Em 2015, a projeção da Ipesa é que o sistema irá receber de 13 milhões a 15 milhões de toneladas, como uma alternativa para atenuar o déficit de armazenagem de grãos no país e dar margem aos produtores para negócios nos melhores momentos do mercado.

“O principal gargalo do agronegócio do Brasil hoje é a logística. O simples uso dos silos bolsa libera o cliente do custo do frete e com metade desse valor já consegue pagar o uso dessa tecnologia”, disse o responsável comercial da Ipesa no Brasil, Hector Daniel Malinarich, que projeta crescimento anual da ordem de 20 a 25 por cento para as vendas de empresa nos próximos anos.

A armazenagem vai se tornar um tema ainda mais central para o agronegócio brasileiro em 2015, quando o país deverá colher um recorde de até 200 milhões de toneladas de grãos.

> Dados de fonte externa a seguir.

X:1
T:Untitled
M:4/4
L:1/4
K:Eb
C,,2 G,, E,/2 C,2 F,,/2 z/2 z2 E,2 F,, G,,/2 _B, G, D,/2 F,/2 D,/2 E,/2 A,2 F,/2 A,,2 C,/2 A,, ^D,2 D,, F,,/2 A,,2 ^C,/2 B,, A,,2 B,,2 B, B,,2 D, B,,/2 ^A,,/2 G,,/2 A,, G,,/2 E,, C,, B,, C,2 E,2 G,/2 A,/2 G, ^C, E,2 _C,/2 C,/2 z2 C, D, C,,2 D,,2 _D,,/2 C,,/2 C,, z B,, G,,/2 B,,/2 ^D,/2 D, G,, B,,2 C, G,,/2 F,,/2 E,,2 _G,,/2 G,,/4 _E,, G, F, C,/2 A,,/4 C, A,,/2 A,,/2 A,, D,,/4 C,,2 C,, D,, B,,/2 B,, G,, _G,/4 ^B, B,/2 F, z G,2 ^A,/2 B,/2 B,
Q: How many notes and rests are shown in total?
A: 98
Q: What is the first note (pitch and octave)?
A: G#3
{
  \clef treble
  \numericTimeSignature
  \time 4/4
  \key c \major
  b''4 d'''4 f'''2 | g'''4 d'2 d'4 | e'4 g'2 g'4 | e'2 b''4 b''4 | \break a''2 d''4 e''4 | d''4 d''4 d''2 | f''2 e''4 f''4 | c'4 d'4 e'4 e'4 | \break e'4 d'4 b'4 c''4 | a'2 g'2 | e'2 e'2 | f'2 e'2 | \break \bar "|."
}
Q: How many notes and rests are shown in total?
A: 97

O total inclui uma safra de até 91,7 milhões de toneladas de soja e de até 78,9 milhões de toneladas de milho, segundo projeções do governo.

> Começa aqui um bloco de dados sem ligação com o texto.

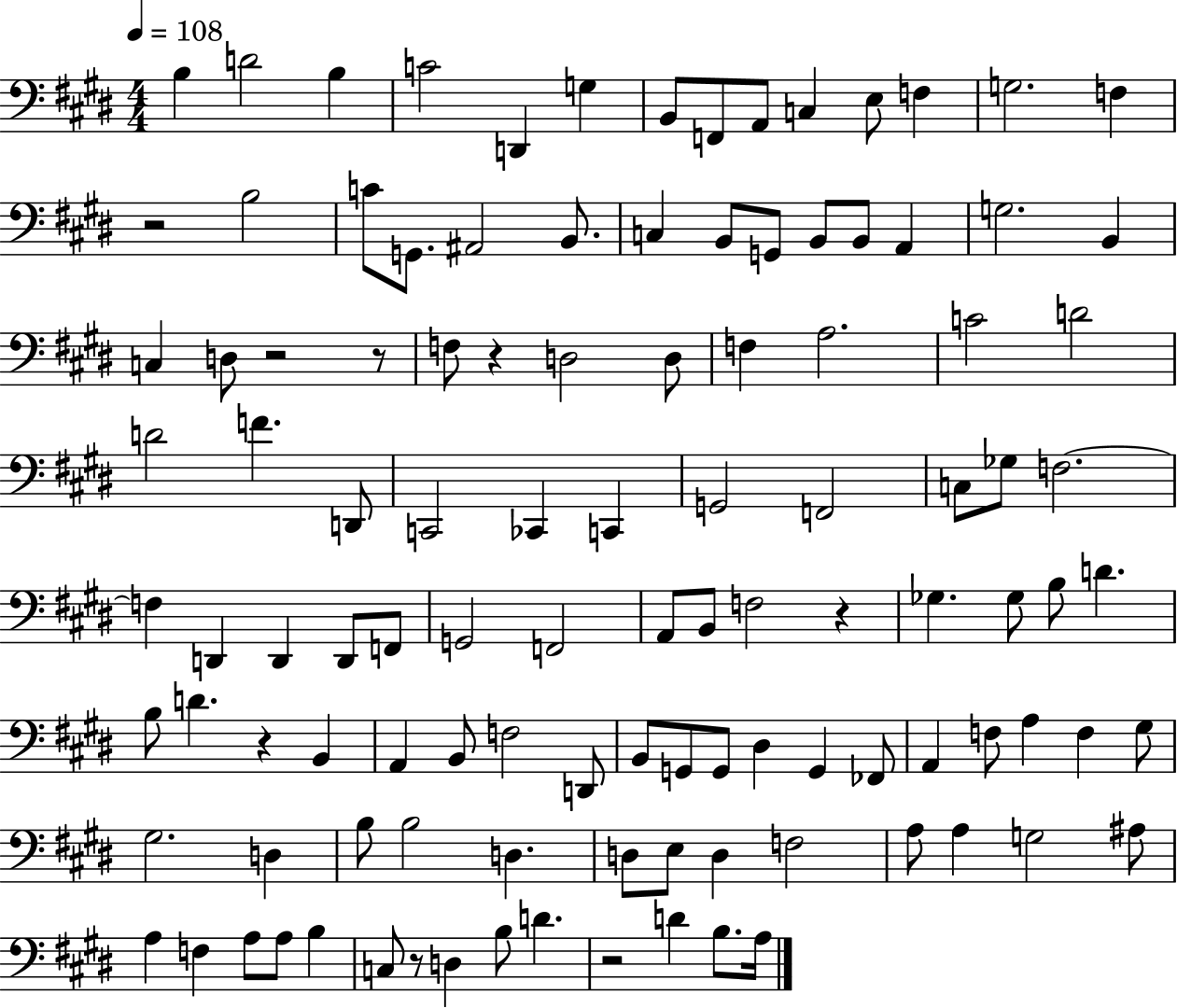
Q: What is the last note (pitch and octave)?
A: A3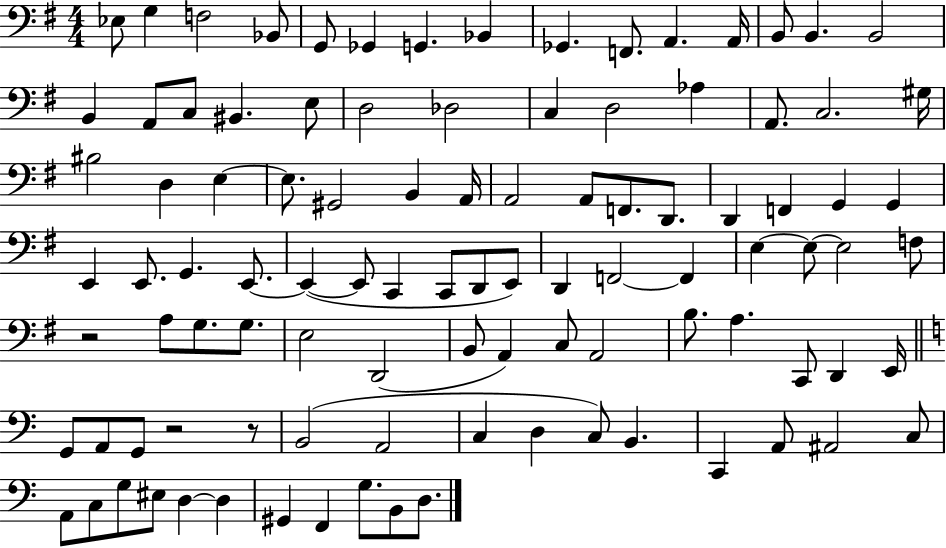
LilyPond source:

{
  \clef bass
  \numericTimeSignature
  \time 4/4
  \key g \major
  ees8 g4 f2 bes,8 | g,8 ges,4 g,4. bes,4 | ges,4. f,8. a,4. a,16 | b,8 b,4. b,2 | \break b,4 a,8 c8 bis,4. e8 | d2 des2 | c4 d2 aes4 | a,8. c2. gis16 | \break bis2 d4 e4~~ | e8. gis,2 b,4 a,16 | a,2 a,8 f,8. d,8. | d,4 f,4 g,4 g,4 | \break e,4 e,8. g,4. e,8.~~ | e,4~(~ e,8 c,4 c,8 d,8 e,8) | d,4 f,2~~ f,4 | e4~~ e8~~ e2 f8 | \break r2 a8 g8. g8. | e2 d,2( | b,8 a,4) c8 a,2 | b8. a4. c,8 d,4 e,16 | \break \bar "||" \break \key a \minor g,8 a,8 g,8 r2 r8 | b,2( a,2 | c4 d4 c8) b,4. | c,4 a,8 ais,2 c8 | \break a,8 c8 g8 eis8 d4~~ d4 | gis,4 f,4 g8. b,8 d8. | \bar "|."
}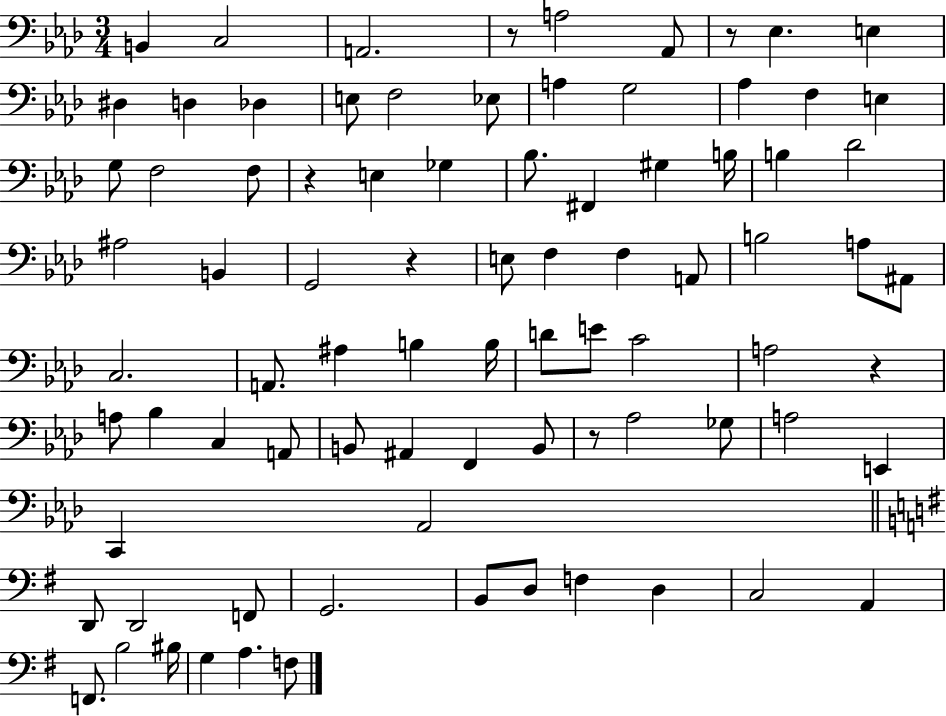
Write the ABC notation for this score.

X:1
T:Untitled
M:3/4
L:1/4
K:Ab
B,, C,2 A,,2 z/2 A,2 _A,,/2 z/2 _E, E, ^D, D, _D, E,/2 F,2 _E,/2 A, G,2 _A, F, E, G,/2 F,2 F,/2 z E, _G, _B,/2 ^F,, ^G, B,/4 B, _D2 ^A,2 B,, G,,2 z E,/2 F, F, A,,/2 B,2 A,/2 ^A,,/2 C,2 A,,/2 ^A, B, B,/4 D/2 E/2 C2 A,2 z A,/2 _B, C, A,,/2 B,,/2 ^A,, F,, B,,/2 z/2 _A,2 _G,/2 A,2 E,, C,, _A,,2 D,,/2 D,,2 F,,/2 G,,2 B,,/2 D,/2 F, D, C,2 A,, F,,/2 B,2 ^B,/4 G, A, F,/2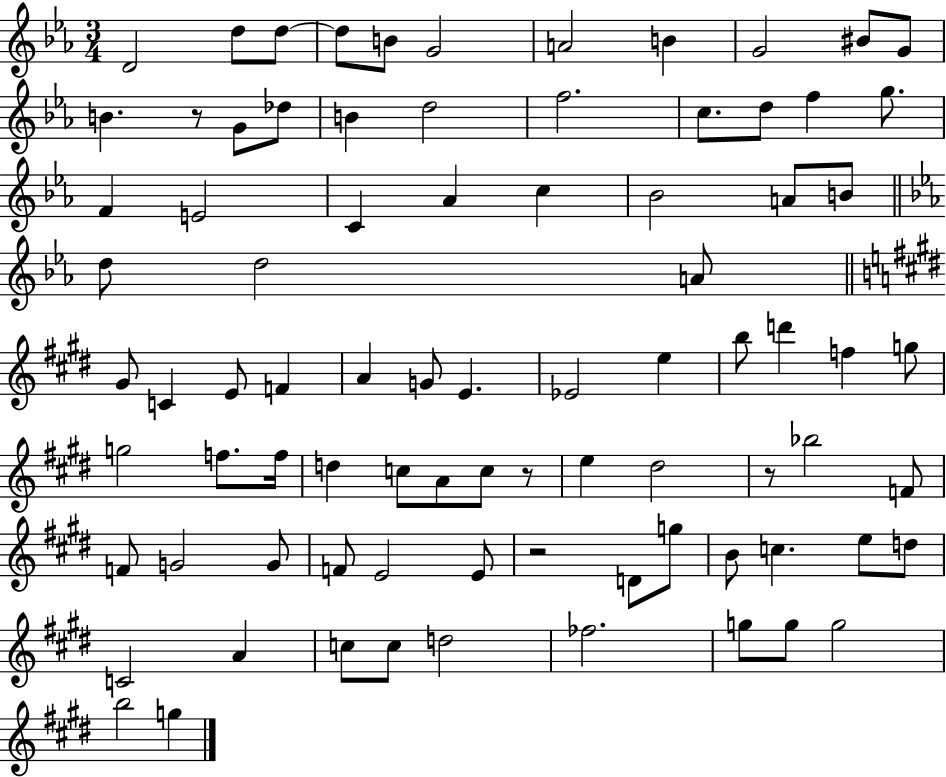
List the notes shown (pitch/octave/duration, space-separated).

D4/h D5/e D5/e D5/e B4/e G4/h A4/h B4/q G4/h BIS4/e G4/e B4/q. R/e G4/e Db5/e B4/q D5/h F5/h. C5/e. D5/e F5/q G5/e. F4/q E4/h C4/q Ab4/q C5/q Bb4/h A4/e B4/e D5/e D5/h A4/e G#4/e C4/q E4/e F4/q A4/q G4/e E4/q. Eb4/h E5/q B5/e D6/q F5/q G5/e G5/h F5/e. F5/s D5/q C5/e A4/e C5/e R/e E5/q D#5/h R/e Bb5/h F4/e F4/e G4/h G4/e F4/e E4/h E4/e R/h D4/e G5/e B4/e C5/q. E5/e D5/e C4/h A4/q C5/e C5/e D5/h FES5/h. G5/e G5/e G5/h B5/h G5/q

Um dos problemas do setor agrícola é que, quando a soja que está sendo plantada atualmente começar a ser colhida em fevereiro de 2015, haverá mais de 15 milhões de toneladas de milho de safras antigas ainda armazenadas, quase três vezes mais do que havia duas temporadas antes, em decorrência de sucessivas colheitas do cereal que superaram a demanda interna e de exportação.

Outro fator que vai colocar pressão sobre a capacidade de armazenagem do país nos próximos meses é a intenção de muitos produtores de segurar ao máximo sua produção de soja, aguardando preços melhores que os atuais. Depois de anos de boas margens, os preços da oleaginosa no mercado internacional estão cerca de 20 por cento mais baixos ante os verificados um ano atrás.

As vendas antecipadas da safra de soja fecharam outubro em 21 por cento, ante 34 por cento de outubro de 2013, segundo a AgRural, demonstrando a intenção do produtor de não vender a qualquer preço.

“O produtor está apostando em guardar essa soja. Muitos estruturaram as fazendas”, disse o analista da Informa Economics FNP, Aedson Pereira.

Além dos silos bolsa, o Brasil deverá acrescentar também 10,5 milhões de toneladas em nova capacidade de armazenagem em 2015, por meio da construção de silos tradicionais, totalizando 160 milhões de toneladas em capacidade instalada, segundo projeção da Carlos Cogo Consultoria.

ECONOMIA E LUCRO

No Brasil, os investimentos em grandes silos de metal e alvenaria ainda estão concentrados em grandes fazendas empresariais, tradings e cerealistas.

É de praxe que o produtor que não tem nenhuma capacidade de armazenagem em sua fazenda envie os grãos para os armazéns de cooperativas e tradings imediatamente após a colheita.

Mas, segundo especialistas ouvidos pela Reuters, segurar o produto por alguns meses na propriedade gera ganhos que ultrapassam os custos do investimento com armazenagem.

“Como alternativa de armazenagem, o silo bolsa é uma baita oportunidade”, atesta o diretor técnico da Aprosoja MT, Nery Ribas, da associação que reúne produtores de soja e milho em Mato Grosso.

O produtor pode obter cerca de 10 por cento mais pela soja se estiver de posse do produto na hora da venda (o chamado mercado de lotes), em comparação com o preço recebido ao fechar negócio (a preço de “balcão”) com o dono do armazém em que ele tenha eventualmente depositado os grãos logo após a colheita, segundo operadores.

Segundo a Carlos Cogo Consultoria, um produtor teria um ganho líquido de 25 mil a 40 mil reais ao armazenar 24 mil sacas de 60 kg de soja em silos bolsa, já descontados todos os desembolsos (110 mil reais) com equipamentos e com as bolsas, que só podem ser utilizadas uma vez.

Construir um silo de metal para 24 mil sacas custa cerca de 700 mil reais. A médio e longo prazo, torna-se um investimento com melhor retorno, mas não se caracteriza como uma alternativa rápida, devido ao tempo de execução da obra.